## Assigned task
For the entries that appear below, write out the exact text and omit the pictures.

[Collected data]
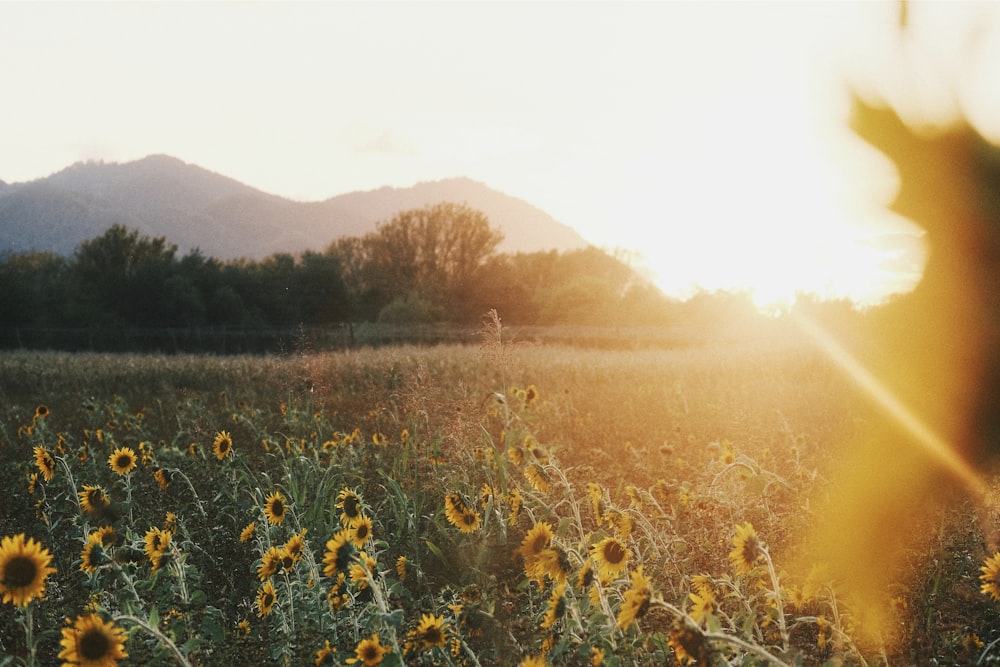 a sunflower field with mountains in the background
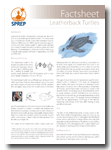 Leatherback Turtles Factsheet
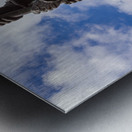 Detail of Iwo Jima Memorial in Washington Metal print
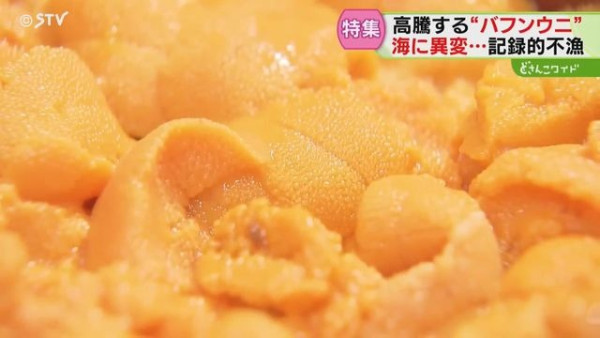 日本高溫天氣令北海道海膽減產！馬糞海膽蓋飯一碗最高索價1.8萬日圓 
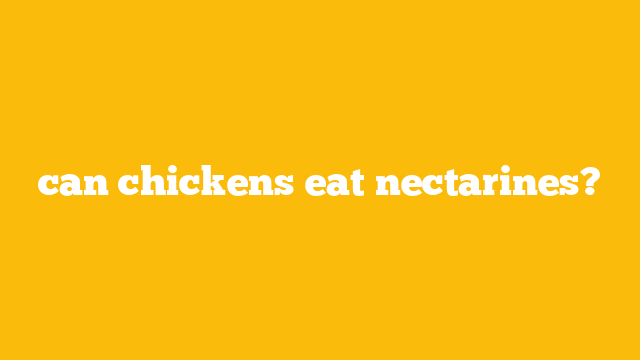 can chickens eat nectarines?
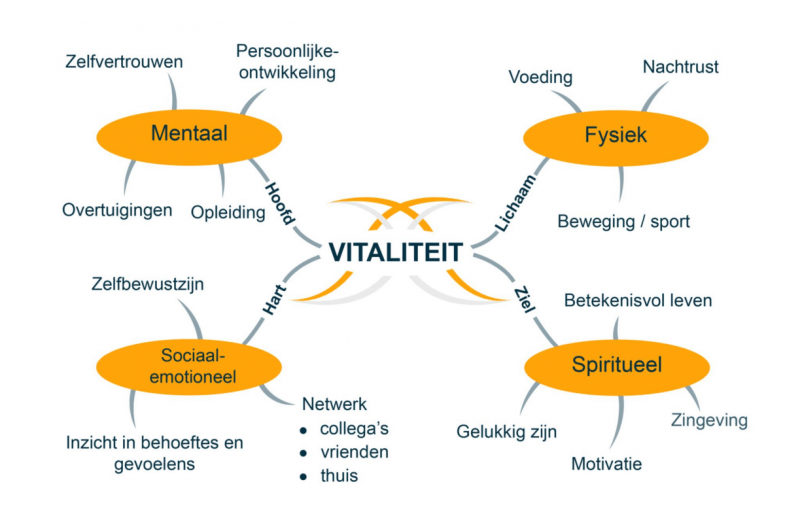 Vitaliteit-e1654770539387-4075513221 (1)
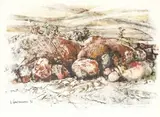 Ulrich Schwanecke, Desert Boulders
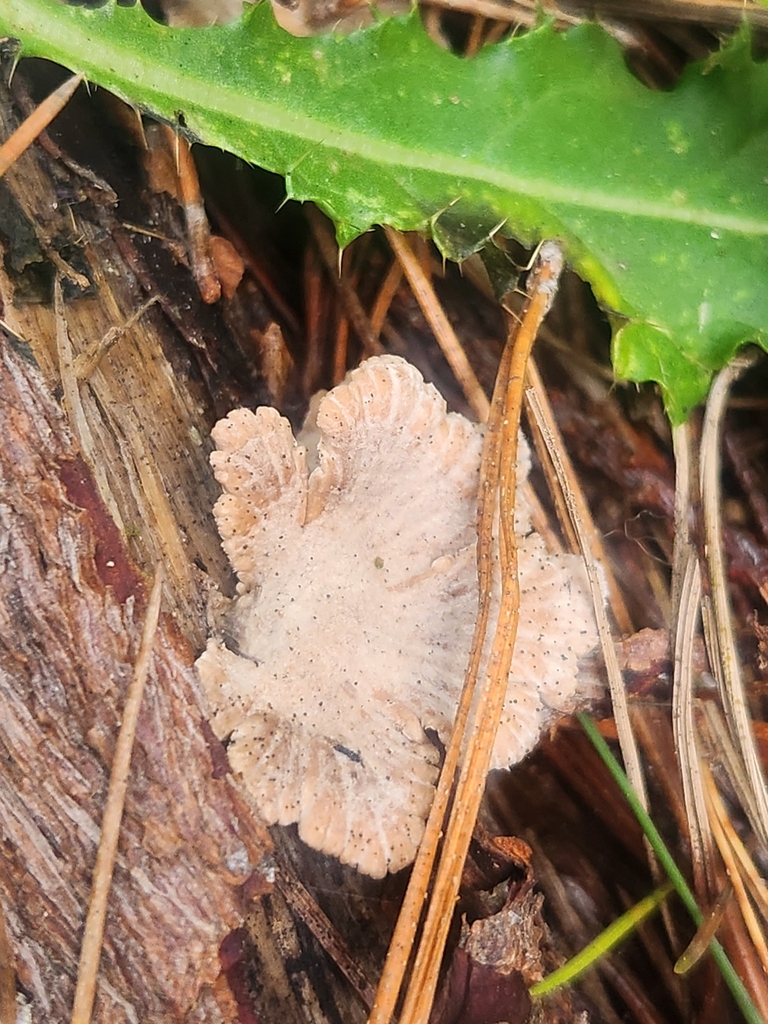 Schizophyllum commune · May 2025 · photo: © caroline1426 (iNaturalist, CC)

## Task output
 a sunflower field with mountains in the background
 Leatherback Turtles Factsheet
 Detail of Iwo Jima Memorial in Washington Metal print
 日本高溫天氣令北海道海膽減產！馬糞海膽蓋飯一碗最高索價1.8萬日圓 
 can chickens eat nectarines?
 Vitaliteit-e1654770539387-4075513221 (1)
 Ulrich Schwanecke, Desert Boulders
 Schizophyllum commune · May 2025 · photo: © caroline1426 (iNaturalist, CC)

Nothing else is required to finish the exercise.